All the above does is create CNAMEs to the DKIM configuration that SendGrid set for you and the vanity hostname (em9999.example.com) that they set for you when you enabled your authenticated domain above.

DMARC – Domain-based Message Authentication, Reporting & Conformance

This record is added as a TXT record to a special _dmarc host record in your DNS zone. This one is very important as it ties the others together and sets expectations of your interaction with your recipient’s mail server. A recipient’s mail server will use this record to understand what your policy for sending mail is and, more importantly, report infractions to you. It will also define what you’d like done with e-mail that doesn’t adhere to your policy. This helps tie together the SPF and DKIM settings we previously set. While SPF and DKIM can be individually implemented, DMARC provides a robust set of standards that are used to tie together the rest. It is worth noting that not everyone uses DMARC yet. Most of the big providers do, though. For our purposes, the following works:

_dmarc IN TXT "v=DMARC1; p=quarantine; pct=100; rua=mailto:rigormortiz@example.com; ruf=mailto:rigormortiz@example.com; adkim=r; aspf=r"

Let’s break it down in case you’re curious:

  • _dmarc: is a special “host record” that a recipient’s mail server can look up. GMail and other large providers use DMARC

  • IN TXT: identifies it as a TXT record

If you use a control panel of some sort, only the text in quotes should be pasted into the TXT field of your _dmarc host record:

  • v=DMARC1;: defines this TXT record as a DMARC version 1 record. Leave this as is.

  • p=quarantine: defines your policy for e-mail that fails the remaining authentication rules (below). none means deliver it as normal, which is useful for testing. Once you’re sure you’re not misconfigured you should change this to quarantine. You can test by sending e-mail to a gmail address. Google is good about sending daily reports to you.

  • pct=100;: tells the recipient mail server that you want 100% of your messages authenticated. This is good for your reputation as it shows that you don’t want spammers using your domain name.

  • rua=mailto:rigormortiz@example.com;: defines the URI (in this case an e-mail address) that should receive periodic reports regarding messages that have failed DMARC authentication.

  • ruf=mailto:rigormortiz@example.com;: defines the URI (in this case an e-mail address) that should receive forensic reports regarding messages that have failed DMARC authentication. This may include other data like SPAM scoring, etc. I’ve yet to receive a forensic report.

  • adkim=r;: defines policy for messages that fail DKIM authentication. (e.g., not signed or signed by the wrong key). The r is for relaxed (mark it as SPAM/quarantine). s means strict (reject).

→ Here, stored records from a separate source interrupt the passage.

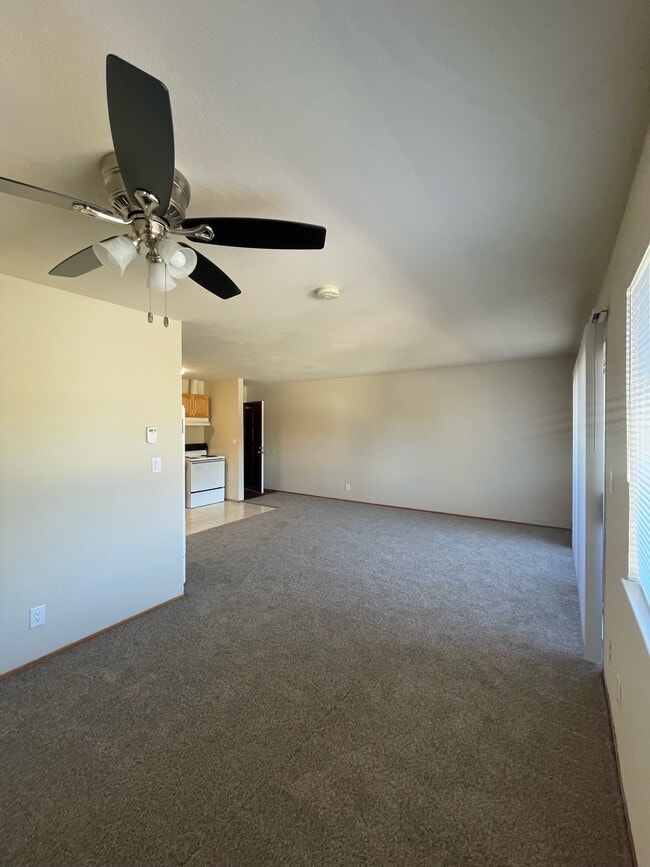 Photo - 1045-1055 Lewis St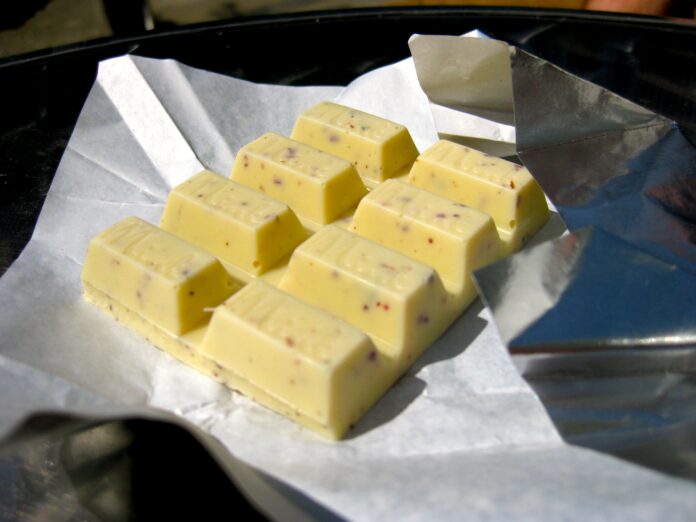 Білий шоколад: що це таке і з чого його роблять
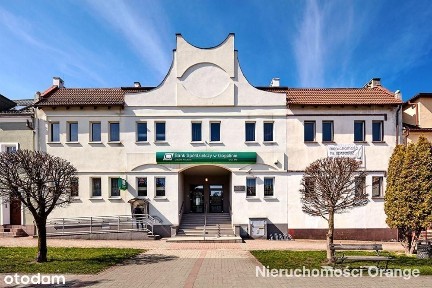 Prawe skrzydło zabytkowego budynku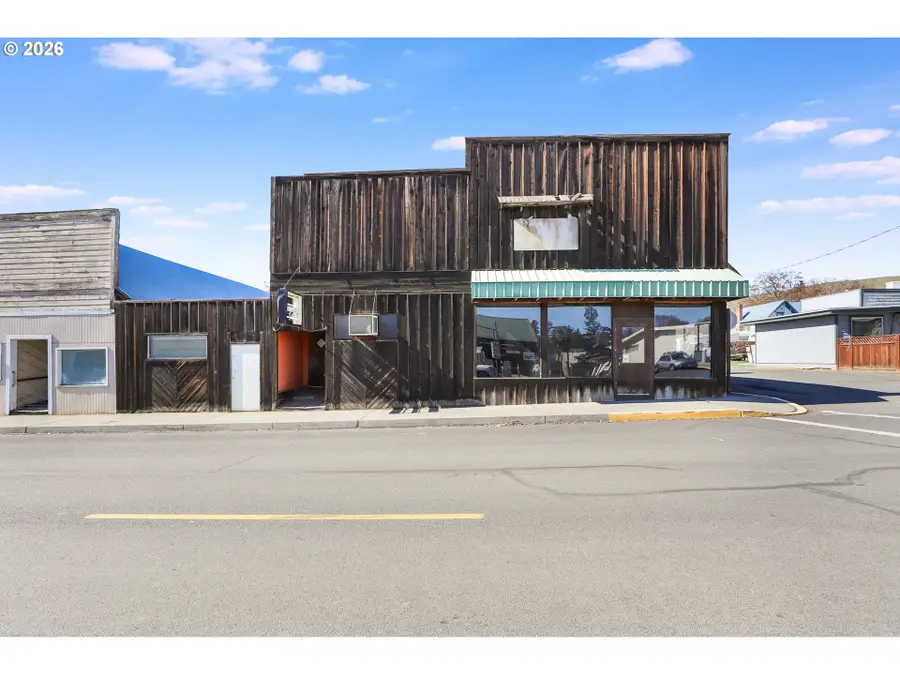 181 N Main St, Dufur, OR 97021 - #2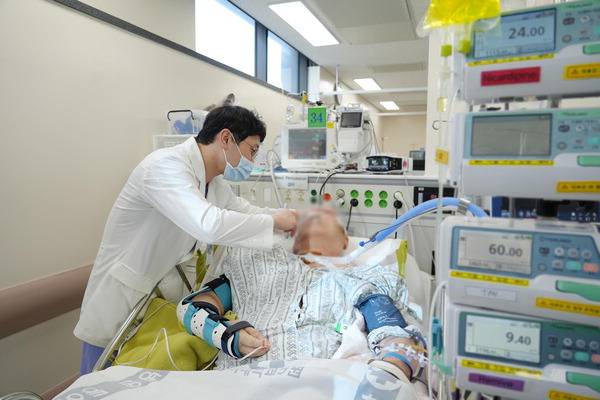 동아대병원 중환자의학과 정진헌 교수가 신경계중환자실에서 환자의 상태를 확인하고 있다.  동아대병원 제공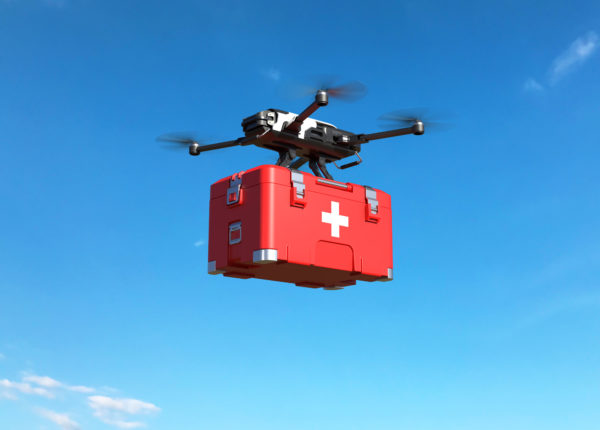Drone avec une trousse de premiers soins volant dans le ciel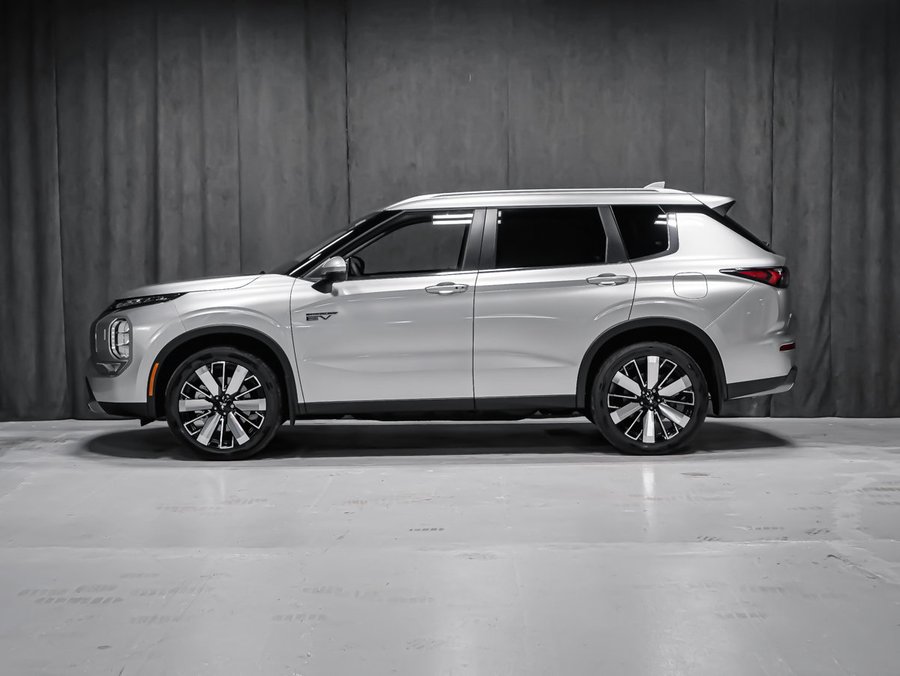 Mitsubishi Outlander PHEV SEL 2026 Fini Gris pierre de lune de qualité supérieure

  • aspf=r;: defines policy for messages that fail SPF authentication. (e.g., from a server that’s not allowed to send mail for you). The r is for relaxed (mark it as SPAM/quarantine). s means strict (reject).

Conculsion

I hope that I’ve presented enough information to help more people self host their own e-mail without it being overkill. There is certainly more to learn, but I think this should give the average enthusiast more confidence in self hosting e-mail and understand how it works and why many people advise you not to try it. The blanket answer should not be “DON’T DO IT!!!!” You may still conclude that after reading this, and that’s ok!